ACTION ITEM: Look below for the line holding "Hamilton Beach Dual" and the line holding "Ca' Fettier Canal View Venice". Transcribe exactly those lines and all lines between them, nothing more.
Segment Start: DATASET RECORDS
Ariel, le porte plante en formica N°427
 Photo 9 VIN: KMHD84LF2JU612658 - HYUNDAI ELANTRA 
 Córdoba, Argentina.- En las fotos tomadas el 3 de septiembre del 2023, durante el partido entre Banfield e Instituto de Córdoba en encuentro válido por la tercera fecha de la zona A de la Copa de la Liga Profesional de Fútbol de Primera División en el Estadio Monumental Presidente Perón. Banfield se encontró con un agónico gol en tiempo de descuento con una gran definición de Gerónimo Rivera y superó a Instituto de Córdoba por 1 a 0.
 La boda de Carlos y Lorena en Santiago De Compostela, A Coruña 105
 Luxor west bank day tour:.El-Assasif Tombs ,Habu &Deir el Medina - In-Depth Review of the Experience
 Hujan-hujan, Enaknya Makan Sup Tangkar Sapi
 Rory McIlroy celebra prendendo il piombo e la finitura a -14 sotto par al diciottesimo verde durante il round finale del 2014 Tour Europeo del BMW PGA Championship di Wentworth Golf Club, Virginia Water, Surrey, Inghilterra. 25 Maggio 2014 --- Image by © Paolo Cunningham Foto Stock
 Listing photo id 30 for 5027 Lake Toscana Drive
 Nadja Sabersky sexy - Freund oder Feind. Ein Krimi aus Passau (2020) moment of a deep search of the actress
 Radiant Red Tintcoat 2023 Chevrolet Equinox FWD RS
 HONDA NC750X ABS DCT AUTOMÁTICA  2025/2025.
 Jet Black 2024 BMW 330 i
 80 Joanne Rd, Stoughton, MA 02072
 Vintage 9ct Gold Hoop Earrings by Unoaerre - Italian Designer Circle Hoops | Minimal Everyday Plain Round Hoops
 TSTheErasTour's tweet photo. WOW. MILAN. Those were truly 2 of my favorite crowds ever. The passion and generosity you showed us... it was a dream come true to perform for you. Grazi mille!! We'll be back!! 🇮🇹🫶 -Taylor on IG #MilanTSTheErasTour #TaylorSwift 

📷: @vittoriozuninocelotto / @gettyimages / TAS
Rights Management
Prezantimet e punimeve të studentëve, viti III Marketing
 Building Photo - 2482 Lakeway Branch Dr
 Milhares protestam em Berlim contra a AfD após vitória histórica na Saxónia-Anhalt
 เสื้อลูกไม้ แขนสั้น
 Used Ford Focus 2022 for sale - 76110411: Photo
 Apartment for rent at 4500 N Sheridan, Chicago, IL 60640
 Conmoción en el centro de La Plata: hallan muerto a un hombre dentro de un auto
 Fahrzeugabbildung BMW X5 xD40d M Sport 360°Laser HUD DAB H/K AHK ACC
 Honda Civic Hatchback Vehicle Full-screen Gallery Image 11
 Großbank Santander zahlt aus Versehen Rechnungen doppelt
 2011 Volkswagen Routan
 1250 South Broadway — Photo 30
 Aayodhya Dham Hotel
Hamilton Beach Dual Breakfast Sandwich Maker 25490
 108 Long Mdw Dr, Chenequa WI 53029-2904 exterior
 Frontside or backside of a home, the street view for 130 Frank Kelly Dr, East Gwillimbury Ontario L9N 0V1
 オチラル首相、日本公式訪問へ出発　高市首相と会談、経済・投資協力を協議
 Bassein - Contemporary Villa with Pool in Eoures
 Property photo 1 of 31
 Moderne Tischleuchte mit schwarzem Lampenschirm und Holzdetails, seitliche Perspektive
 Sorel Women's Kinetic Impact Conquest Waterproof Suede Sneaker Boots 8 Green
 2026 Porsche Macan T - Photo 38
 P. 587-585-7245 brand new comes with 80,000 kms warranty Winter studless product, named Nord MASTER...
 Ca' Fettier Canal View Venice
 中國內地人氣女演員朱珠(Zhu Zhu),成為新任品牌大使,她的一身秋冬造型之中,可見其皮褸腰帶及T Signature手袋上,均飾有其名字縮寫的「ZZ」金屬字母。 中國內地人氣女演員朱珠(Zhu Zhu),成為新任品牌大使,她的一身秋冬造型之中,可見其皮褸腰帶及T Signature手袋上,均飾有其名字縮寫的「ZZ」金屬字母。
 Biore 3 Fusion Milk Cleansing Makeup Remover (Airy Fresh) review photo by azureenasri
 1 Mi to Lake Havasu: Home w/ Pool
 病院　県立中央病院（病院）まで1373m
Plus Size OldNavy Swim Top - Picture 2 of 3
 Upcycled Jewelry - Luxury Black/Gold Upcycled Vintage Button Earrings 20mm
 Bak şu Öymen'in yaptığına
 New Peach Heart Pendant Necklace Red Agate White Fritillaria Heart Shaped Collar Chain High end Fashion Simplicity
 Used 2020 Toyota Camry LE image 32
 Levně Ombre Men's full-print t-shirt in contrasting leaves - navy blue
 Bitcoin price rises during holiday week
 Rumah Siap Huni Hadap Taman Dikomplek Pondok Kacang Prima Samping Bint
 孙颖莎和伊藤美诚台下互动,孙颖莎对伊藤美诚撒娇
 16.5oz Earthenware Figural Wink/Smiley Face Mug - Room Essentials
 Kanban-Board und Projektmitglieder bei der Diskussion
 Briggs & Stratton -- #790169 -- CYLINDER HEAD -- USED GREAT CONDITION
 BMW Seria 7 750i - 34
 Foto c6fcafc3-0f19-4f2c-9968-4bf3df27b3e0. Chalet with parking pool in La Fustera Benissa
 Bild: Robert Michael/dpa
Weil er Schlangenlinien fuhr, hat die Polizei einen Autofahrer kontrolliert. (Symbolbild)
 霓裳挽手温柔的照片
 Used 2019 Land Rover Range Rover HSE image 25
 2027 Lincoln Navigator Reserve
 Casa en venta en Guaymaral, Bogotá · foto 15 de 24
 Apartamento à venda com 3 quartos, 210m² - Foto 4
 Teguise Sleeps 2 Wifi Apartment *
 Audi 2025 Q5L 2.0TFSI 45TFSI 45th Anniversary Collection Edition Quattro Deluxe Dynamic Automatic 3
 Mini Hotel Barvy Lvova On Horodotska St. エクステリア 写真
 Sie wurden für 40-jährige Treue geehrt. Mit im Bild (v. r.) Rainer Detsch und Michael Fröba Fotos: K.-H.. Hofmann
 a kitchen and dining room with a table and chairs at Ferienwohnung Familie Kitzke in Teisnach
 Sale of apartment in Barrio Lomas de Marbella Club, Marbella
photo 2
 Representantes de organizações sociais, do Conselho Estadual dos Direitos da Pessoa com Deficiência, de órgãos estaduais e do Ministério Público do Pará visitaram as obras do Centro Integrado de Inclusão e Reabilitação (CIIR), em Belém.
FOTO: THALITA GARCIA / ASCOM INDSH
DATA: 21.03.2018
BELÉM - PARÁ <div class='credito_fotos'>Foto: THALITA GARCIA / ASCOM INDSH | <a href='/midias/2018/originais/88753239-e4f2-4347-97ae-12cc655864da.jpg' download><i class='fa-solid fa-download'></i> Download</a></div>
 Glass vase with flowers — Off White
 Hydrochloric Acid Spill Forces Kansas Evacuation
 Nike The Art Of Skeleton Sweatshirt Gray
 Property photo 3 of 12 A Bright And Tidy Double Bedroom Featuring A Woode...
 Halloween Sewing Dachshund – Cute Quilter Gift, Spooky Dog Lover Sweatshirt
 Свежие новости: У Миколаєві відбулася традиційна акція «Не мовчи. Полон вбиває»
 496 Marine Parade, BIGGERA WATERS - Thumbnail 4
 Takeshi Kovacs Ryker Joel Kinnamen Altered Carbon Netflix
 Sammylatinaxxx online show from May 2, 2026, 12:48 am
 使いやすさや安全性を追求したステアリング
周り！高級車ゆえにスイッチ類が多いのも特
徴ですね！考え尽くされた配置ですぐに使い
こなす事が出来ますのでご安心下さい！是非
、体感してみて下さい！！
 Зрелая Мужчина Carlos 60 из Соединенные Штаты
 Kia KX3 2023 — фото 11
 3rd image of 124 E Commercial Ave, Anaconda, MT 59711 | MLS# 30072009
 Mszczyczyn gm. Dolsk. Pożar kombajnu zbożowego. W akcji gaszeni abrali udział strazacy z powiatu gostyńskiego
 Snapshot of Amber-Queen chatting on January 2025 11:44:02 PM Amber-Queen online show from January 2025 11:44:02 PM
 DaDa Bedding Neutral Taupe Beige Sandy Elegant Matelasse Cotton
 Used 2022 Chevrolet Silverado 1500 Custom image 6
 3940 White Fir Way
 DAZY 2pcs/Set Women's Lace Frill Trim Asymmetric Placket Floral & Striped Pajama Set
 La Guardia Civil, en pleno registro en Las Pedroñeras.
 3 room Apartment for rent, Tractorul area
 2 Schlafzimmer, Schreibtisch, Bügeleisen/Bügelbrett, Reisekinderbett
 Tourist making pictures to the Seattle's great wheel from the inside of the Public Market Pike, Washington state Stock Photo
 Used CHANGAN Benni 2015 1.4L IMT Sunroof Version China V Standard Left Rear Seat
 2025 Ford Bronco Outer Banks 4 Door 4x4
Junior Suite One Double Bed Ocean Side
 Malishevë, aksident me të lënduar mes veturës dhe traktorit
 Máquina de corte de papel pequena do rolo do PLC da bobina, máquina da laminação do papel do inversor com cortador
Segment End: DATASET RECORDS
TASK OUTPUT:
Hamilton Beach Dual Breakfast Sandwich Maker 25490
 108 Long Mdw Dr, Chenequa WI 53029-2904 exterior
 Frontside or backside of a home, the street view for 130 Frank Kelly Dr, East Gwillimbury Ontario L9N 0V1
 オチラル首相、日本公式訪問へ出発　高市首相と会談、経済・投資協力を協議
 Bassein - Contemporary Villa with Pool in Eoures
 Property photo 1 of 31
 Moderne Tischleuchte mit schwarzem Lampenschirm und Holzdetails, seitliche Perspektive
 Sorel Women's Kinetic Impact Conquest Waterproof Suede Sneaker Boots 8 Green
 2026 Porsche Macan T - Photo 38
 P. 587-585-7245 brand new comes with 80,000 kms warranty Winter studless product, named Nord MASTER...
 Ca' Fettier Canal View Venice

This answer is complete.